Se o Judiciário hoje se julga capaz de fazer o que bem entender, isso ocorre em parte graças à omissão do Poder Legislativo. Quando Alexandre de Moraes resolveu abolir a imunidade parlamentar “por quaisquer de suas opiniões, palavras e votos” para mandar prender o então deputado Daniel Silveira, em fevereiro de 2021, a Câmara não apenas se omitiu: ela endossou o arbítrio ao votar para manter a prisão – só posteriormente a casa adotou o trâmite correto, abrindo um processo por quebra de decoro. Quando inúmeros parlamentares foram vítimas de censura prévia, perdendo o direito de publicar em mídias sociais, também por ordem de Moraes, a mobilização foi quase inexistente. Mesmo que o ministro do STF tenha considerado e ainda considere estar defendendo a democracia, suas decisões, na prática, têm violado sistematicamente o direito constitucional à liberdade de expressão e uma série de garantias dos réus, nos inquéritos abusivos iniciados em 2019 – e, ainda assim, o presidente do Senado, Rodrigo Pacheco (PSD-MG), nada fez, por mais que a casa por ele presidida seja o principal contrapeso constitucional ao STF. As invencionices jurídicas e ataques à liberdade de expressão cometidos pelo TSE, chamados eufemisticamente de “arco de experimentação regulatória” por Edson Fachin, e que desequilibraram o pleito de 2022 só foram denunciados pelos que eram diretamente atingidos, enquanto o restante do Congresso se omitia ou aplaudia.

O poder não admite o vácuo, diz o adágio: se o Legislativo abriu mão de exercer o papel de contrapeso ao Judiciário, este ocupou os espaços até se considerar absoluto. Cada omissão, das pequenas às maiores, tornou cada vez mais difícil restaurar o devido equilíbrio entre poderes e manter os tribunais superiores dentro do seu papel constitucional. O “ponto de não retorno” está cada vez mais próximo – mas ainda não foi atingido. O Congresso ainda pode reagir, mas para isso os parlamentares terão de fazer muito mais que simplesmente manifestar indignação na tribuna ou nas mídias sociais.

Há instrumentos valiosos que podem ser usados para que, ao menos, a sociedade finalmente se dê conta do tamanho da ameaça à democracia representada pela hipertrofia do Judiciário. Um deles é a CPI do Abuso de Autoridade, iniciativa do deputado Marcel van Hattem (Novo-RS) que já havia conseguido assinaturas suficientes no ano passado, mas não chegou a ser aberta porque o fim da legislatura já estava muito próximo.

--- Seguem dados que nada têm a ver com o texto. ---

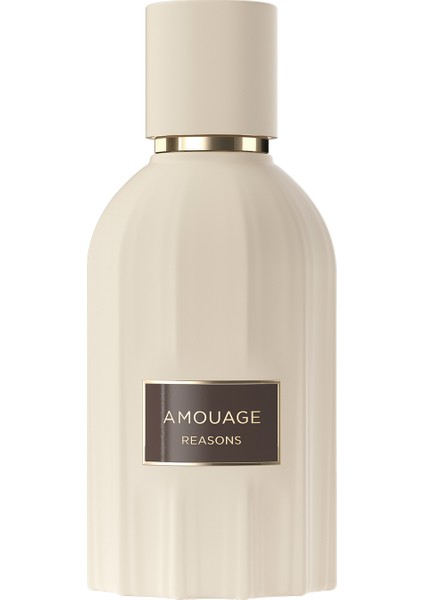 Reasons Essence De Parfum 100ML Spray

O deputado está repetindo o esforço para angariar apoio de colegas a um novo requerimento, e lançou um abaixo-assinado para que a sociedade também se faça ouvir. “[A decisão do TSE] é um pedaço de papel lido por um presidente de corte eleitoral que está cometendo abuso de autoridade, dentre tantos outros e que vai precisar ser corrigido pelo parlamento”, disse Van Hattem na quarta-feira.

Este é o momento da verdade, a hora dos parlamentares que sabem honrar o cargo para o qual foram escolhidos pelo povo. Se a lei é distorcida ou ignorada por uma corte para perseguir um deputado cujos únicos “crimes” foram trabalhar para colocar ladrões na cadeia e criticar os desmandos de um Judiciário que prejudica o combate à corrupção com suas decisões, os freios e contrapesos precisam entrar em cena. Não se trata apenas de fazer o que for possível para restabelecer o mandato de Dallagnol, mas também de impedir que outros “inimigos do partido” sejam injustiçados como ele foi e se tornem vítimas do que o ministro Luís Roberto Barroso descreveu profeticamente em abril de 2021: “Na Itália, a corrupção conquistou a impunidade. Aqui, entre nós, ela quer vingança”. Os parlamentares que se omitirem neste momento ajudarão a construir um Legislativo covarde, totalmente subserviente ao Judiciário. Comportam-se como o narrador do célebre poema E não sobrou ninguém, de Martin Niemöller: escondendo-se em um conveniente “não sou bolsonarista” ou “não sou lavajatista”, ignoram que um dia poderá chegar também a sua vez.